First, let me begin by saying sorry for not posting in ages! I've just been unmotivated to blog lately, possibly because nothing blog worthy is going on in my life right now...
But, for the last little while Ive really been thinking about my life and what I want from it. And thinking that 10 years from now will I be happy with the decisions Ive made? And I can honestly say, although my life isn't necessarily where I thought it would be right now, that I have absolutely NO regrets. While I do wish certain things were different I know that its all part of a greater plan, a plan that Im not privy to seeing just yet, and I do trust that it will all work out the way its supposed to be. But that doesn't mean I don't wonder if Im currently making the right choices. If Im helping my life along the path I want it to go.
I think all through school, up until college, I had this idea that by the time I was 21 I'd have a job, possibly a husband/family, all of it. Which is silly, but considering the amount of people in my graduating class that ARE indeed married maybe its not so silly? Side note; I feel extremely behind compared to them. But ya know, I thought by 21 Id have it all together and know what I want and where my life is going and all that grand stuff. But my 21st birthday is fast approaching, summer will be over before I know it and I don't have any of that worked out yet. Which was/is slightly unnerving to me. I am a planner. And the fact that none of these plans I had are actually working out is terrifying. I am the type of person to plan weeks, if not months, in advance, and if something unexpected or last minute came up I would avoid it if at all possible. Which Im starting to realize is crazy. Which is maybe part of my greater plan, the plan I don't really know the details of. Because now that my initial plan isn't working out, Im learning that maybe I don't need one at all.
I am learning to be spontaneous. I think its driving my family, especially my mother, nuts. But Im loving it. I used to be a stickler for time, and not that Im late now, but Im not early for things really. Which most of you who are reading are probably thinking umm ok? BUT I use to get incredibly anxious if I wasnt early, really early, for anything. So the fact that I can be on time, is huge for me. Im learning to really love each day, that if whatever I had planned doesn't work out its ok, its not a big deal. And I am learning that sometimes, the things you don't plan for are the most rewarding. Im learning that I am SO much more capable than I thought I was, heck, I donated blood a few weeks ago, ME, me who is TERRIFIED of needles, who the last time I had blood drawn had to have my dad with me because I was so scared, I donated blood. And yes, it was scary, BUT it was awesome. Not only because I saved up to three lives ;) but because I challenged myself and I did it. And Im doing it again in August, (if anybody wants to join me Id love that, its not as bad as youre thinking!)
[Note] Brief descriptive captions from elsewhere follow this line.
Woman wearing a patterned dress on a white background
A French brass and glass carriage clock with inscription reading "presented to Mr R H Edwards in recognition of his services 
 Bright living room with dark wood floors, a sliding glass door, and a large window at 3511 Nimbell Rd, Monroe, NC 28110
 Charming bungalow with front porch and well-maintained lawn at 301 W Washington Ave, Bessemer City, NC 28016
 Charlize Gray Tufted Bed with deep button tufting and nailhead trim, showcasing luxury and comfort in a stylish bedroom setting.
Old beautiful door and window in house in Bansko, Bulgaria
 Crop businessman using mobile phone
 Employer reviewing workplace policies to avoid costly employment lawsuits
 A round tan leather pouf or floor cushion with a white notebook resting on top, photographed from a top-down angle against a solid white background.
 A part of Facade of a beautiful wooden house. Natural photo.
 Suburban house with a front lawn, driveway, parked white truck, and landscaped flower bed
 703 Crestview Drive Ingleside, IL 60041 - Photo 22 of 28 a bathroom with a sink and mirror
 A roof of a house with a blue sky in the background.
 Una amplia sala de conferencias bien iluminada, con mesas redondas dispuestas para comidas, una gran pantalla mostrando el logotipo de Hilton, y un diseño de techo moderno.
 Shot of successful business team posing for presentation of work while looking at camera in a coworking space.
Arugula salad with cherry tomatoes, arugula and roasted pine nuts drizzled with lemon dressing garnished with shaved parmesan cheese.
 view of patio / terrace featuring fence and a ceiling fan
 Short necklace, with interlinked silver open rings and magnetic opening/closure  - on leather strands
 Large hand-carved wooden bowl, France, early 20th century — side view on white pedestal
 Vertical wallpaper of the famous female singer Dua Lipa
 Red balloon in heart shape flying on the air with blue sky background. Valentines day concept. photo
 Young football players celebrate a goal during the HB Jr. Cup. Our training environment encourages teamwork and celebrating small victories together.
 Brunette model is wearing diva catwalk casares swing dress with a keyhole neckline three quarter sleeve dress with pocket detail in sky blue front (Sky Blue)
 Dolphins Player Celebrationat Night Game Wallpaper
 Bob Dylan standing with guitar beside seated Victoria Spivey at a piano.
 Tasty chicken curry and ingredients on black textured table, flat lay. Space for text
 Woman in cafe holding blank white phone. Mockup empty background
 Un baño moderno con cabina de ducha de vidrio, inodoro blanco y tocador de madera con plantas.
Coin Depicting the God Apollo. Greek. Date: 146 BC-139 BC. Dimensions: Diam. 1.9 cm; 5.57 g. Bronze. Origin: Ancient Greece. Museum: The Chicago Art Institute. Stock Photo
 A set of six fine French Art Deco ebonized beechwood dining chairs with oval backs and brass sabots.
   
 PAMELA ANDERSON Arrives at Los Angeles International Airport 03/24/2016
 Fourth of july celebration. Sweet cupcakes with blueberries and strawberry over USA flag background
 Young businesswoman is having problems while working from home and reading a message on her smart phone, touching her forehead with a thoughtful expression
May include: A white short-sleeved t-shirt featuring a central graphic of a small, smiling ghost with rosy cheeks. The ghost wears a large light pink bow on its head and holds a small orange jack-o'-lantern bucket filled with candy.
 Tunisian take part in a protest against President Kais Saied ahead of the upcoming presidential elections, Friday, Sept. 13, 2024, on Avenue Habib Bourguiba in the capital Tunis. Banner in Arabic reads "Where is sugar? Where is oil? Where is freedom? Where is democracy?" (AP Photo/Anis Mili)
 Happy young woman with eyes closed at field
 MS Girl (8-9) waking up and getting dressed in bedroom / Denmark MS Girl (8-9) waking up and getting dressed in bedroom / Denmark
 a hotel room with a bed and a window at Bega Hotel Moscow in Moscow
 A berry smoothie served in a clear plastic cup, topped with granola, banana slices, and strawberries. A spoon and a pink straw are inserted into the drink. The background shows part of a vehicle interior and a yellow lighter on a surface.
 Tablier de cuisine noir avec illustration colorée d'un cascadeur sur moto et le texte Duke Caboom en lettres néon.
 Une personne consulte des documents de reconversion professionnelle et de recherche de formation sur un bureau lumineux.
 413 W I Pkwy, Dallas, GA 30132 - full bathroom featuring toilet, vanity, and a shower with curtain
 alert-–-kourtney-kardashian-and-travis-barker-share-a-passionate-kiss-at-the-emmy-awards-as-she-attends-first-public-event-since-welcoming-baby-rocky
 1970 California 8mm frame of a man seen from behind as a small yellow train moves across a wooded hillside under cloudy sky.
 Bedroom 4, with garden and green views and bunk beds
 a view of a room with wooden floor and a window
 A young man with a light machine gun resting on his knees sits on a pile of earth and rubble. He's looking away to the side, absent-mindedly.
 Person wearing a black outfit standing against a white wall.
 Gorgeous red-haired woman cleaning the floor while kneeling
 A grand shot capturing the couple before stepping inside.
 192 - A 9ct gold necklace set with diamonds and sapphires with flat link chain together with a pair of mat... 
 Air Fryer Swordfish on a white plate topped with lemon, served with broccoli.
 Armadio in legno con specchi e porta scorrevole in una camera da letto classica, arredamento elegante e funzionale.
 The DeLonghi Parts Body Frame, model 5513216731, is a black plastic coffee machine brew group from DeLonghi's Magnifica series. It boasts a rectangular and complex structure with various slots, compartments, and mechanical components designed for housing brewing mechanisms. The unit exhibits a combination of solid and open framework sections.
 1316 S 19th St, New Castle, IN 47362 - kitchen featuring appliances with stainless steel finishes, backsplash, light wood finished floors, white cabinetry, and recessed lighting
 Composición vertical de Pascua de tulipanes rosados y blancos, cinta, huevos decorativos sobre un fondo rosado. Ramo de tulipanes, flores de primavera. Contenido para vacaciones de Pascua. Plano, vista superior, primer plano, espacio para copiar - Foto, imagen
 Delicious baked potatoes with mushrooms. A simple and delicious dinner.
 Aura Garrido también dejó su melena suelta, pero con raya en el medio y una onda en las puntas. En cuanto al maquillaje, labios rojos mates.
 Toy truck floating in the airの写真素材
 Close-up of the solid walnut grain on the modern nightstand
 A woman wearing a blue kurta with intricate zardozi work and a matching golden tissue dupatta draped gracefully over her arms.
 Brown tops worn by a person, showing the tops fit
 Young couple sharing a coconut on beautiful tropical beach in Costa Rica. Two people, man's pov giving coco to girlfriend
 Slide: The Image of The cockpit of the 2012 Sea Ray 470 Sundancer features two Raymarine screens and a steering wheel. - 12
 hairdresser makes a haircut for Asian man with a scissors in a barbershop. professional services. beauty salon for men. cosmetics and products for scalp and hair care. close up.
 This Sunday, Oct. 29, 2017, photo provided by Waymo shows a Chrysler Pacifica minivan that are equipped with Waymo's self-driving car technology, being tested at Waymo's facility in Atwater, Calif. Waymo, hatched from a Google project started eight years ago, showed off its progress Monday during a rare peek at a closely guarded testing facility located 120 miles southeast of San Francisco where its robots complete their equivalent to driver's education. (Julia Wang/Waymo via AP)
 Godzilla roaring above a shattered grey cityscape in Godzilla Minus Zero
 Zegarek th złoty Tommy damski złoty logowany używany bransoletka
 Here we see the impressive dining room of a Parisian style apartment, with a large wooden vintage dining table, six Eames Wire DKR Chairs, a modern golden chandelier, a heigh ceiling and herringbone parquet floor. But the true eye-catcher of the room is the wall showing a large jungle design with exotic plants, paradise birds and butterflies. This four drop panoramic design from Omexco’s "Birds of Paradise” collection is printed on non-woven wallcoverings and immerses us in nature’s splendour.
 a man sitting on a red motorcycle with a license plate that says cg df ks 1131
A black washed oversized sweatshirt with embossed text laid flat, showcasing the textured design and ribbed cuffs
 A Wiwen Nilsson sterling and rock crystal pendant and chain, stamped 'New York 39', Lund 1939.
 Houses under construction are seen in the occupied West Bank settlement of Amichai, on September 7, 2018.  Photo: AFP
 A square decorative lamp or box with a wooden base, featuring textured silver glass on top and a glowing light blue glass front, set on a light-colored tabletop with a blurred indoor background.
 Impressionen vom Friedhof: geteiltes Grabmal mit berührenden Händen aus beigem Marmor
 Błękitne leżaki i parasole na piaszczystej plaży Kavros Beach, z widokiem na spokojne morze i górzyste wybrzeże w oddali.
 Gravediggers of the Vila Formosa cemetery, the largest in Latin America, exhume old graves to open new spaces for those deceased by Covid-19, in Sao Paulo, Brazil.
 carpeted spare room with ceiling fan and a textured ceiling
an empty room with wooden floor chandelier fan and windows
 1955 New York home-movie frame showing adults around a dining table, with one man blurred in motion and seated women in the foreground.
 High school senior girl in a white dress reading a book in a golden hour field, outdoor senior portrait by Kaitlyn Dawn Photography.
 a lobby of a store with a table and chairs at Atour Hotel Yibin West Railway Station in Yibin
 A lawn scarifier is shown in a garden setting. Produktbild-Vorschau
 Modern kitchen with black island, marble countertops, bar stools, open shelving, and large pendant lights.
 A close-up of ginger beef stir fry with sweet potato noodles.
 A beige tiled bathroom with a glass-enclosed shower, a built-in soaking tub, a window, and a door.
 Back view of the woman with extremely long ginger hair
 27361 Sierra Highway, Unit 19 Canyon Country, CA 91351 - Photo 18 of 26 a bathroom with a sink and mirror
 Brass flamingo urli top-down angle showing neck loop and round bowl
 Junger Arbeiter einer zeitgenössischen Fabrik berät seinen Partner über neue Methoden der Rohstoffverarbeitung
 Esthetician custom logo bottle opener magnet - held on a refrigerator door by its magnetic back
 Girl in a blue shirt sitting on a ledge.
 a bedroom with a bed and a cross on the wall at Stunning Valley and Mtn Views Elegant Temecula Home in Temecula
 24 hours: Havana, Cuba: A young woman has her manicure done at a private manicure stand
I feel like Im rambling haha....even though my life right now isn't what I had planned, and it took me a long time to accept that my plans failed, I love my life. I love every bit of it, I love ENJOYING it. And as for the future, I don't have plans. I have goals of course, but no plans. Well thats a lie, I have a couple "plans"
1. ENJOY life, every moment of it because it is truly precious and you never know how long you will get to enjoy it for.
2. NO regrets, absolutely none.
Those are my plans, my only plans, because I know that somebody else has a plan especially for me, and if Im willing to listen and follow, I will have exactly what Im meant to have, when Im meant to have it.